As we return to in person work in downtown Birmingham you may notice a new addition to the streetscape. The Regions green Zyp bikes have been replaced by a wide array of new bikes and scooters. These new devices are a fun and easy way to break up your work day, explore, and take advantage of all the great things Downtown Birmingham has to offer!
This new fleet works slightly differently than the previous bikeshare system, but if you ever used Zyp via the mobile app then hopping on the new system will be an easy transition for you. You’ve probably noticed that the new system doesn’t have any docking stations or kiosks with screens. It’s completely app based. Bikes and scooters are clustered together in corrals painted on the ground, and others are on their own, usually parked near the previous rider’s destination. This dockless model allows a lot more flexibility in where you can start and end your ride. All of downtown Birmingham is only a scoot away!
Download the app
So you want to use the new bikes or scooters get out of the office and grab lunch at Yo Mamma’s, get a coffee from Revelator, or just enjoy the sunshine at Railroad Park. The first step on this journey is downloading the app… or apps. We actually have two micro mobility providers in Birmingham right now, although there’s a chance we could add even more. Veo and Gotcha are the two current providers and you can find their apps in your phone’s app store by searching “Veo” or “Gotcha”. The apps themselves are free to download, and you can load money onto the apps to pay for your rides when you’re ready to roll.
Plan your route
It’s a good idea to think about where you’re headed and how you’ll get there before you start pedaling or pushing the throttle. If you’re looking to ride in a dedicated bike/scooter lane, or on a protected path, the Regional Planning Commission has a great interactive map that you can use to find all the current and planned multimodal infrastructure around Birmingham, or you can check out Fresh Water Land Trust “Find a Trail” page. You can also look on the Gotcha or Veo app to see if there are any corrals near your destination, if so; you’ll want to park there because parking in a corral actually gives you money back! The devices each have their own small fee to unlock, and then a “per minute” charge while you have them unlocked. Make sure to load a few bucks into your virtual wallet in the app to get started.
Find a device
Once you have one, or both of the apps, use the “map” feature to find the bikes and scooters closest to you. The map will show your location, as well as the locations of all the bikes and scooters available, along with some crucial info like their battery charge. Each company has both bikes and scooters, with different pricing models based on which device you choose, so make sure to click around on the app and see what device best fits your budget and goals. Veo provides traditional pedal bikes, which are the cheapest option, and the best way to get a little cardio, while Gotcha provides bikes with e-assist, much like the Zyp bikes with the lightning bolt for a quicker trip.

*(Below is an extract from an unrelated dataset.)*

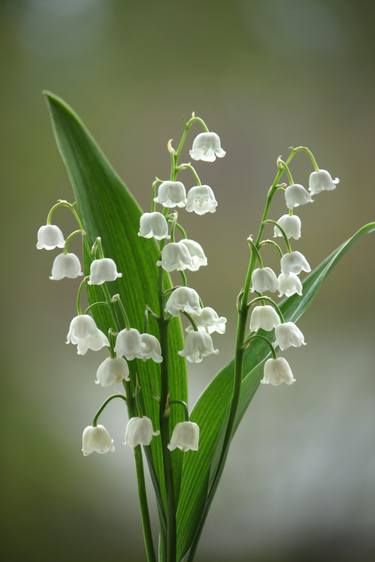 Lily of the walley - Limited Edition 1 of 5 Photography by Sonja Čvorović | Saatchi Art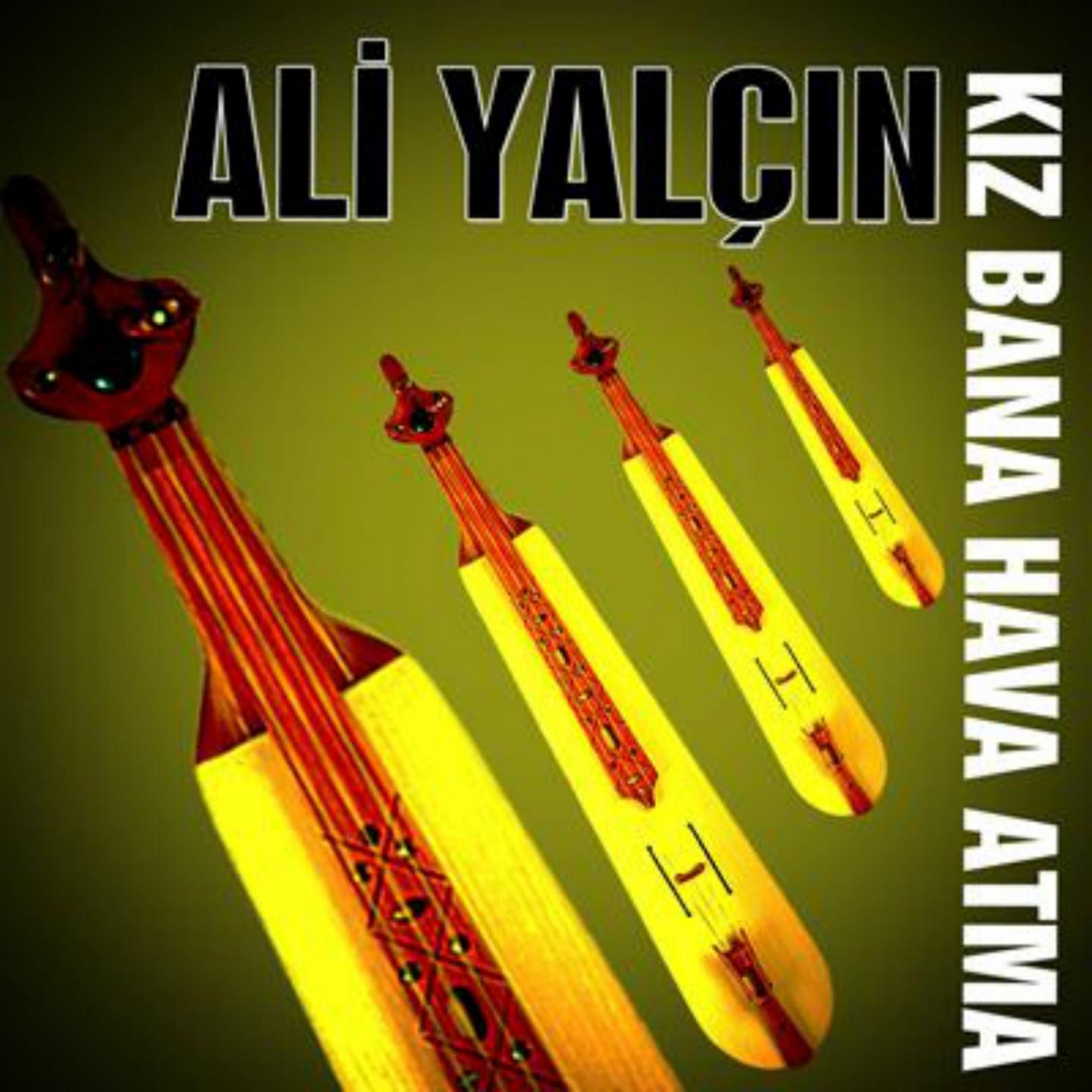 Постер альбома Kız Bana Hava Atma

When you’ve found a device you want to ride in the app, walk over to it (the Veo app allows you to ring the bell from your phone if you’re having trouble finding it!) and point your phones camera at the QR code on the handlebars. The app will then run you through basic pricing, unlocking, and riding information. Make sure you read through that and then you’re ready to roll.
All the devices require a small push to get started before the motor kicks in. The scooters have a throttle beside your thumb that controls the electric motor. You might want to get a little practice starting and stopping in a parking lot or alleyway before you head out on your first ride. When you do set out onto the street, remember to follow all the normal rules of the road just as you would in a car. If parts of your journey will be made on streets with no dedicated infrastructure it’s actually much safer, and in many cases legally mandated, to ride on the road rather than the sidewalk. With doors that open directly onto the sidewalk, pedestrians, curb cuts, and gradient changes – along with devices that average in the 15 to 20 mph range – the sidewalk isn’t the best place for bikes and scooters. Riding in the road also increases your visibility to drivers and pedestrians. For example, people look both ways before they cross the street, but usually not when they open a door onto the sidewalk.
Riding on a scooter as opposed to in a car allows you to see so many more of our pretty downtown sights! Plus, there’s no better time than now to try out these new “scooting” methods with the beautiful weather we’ve been getting here in the Magic City.
If there’s a corral close to whatever brewery, park, restaurant, or other awesome amenity you’ve ridden to, go ahead and put your bike or scooter on the kick stand inside the coral to get some money back in your virtual wallet. Corals are painted white rectangles on the asphalt that normally have at least one white plastic bollard and a bike or scooter logo to identify them. If there isn’t a coral, look for any bike rack, curb cut, or adjacent fee space that does not block walking on the sidewalk, and pop that kickstand. Once you’ve got your device parked, take out your phone and open the app to end your ride. The app will ask you to take a picture of the parked device to confirm you’ve left it somewhere neat and tidy. When you’re done with the picture you’ll get a ride summary with some fun stats about your ride, as well as a breakdown how much it cost.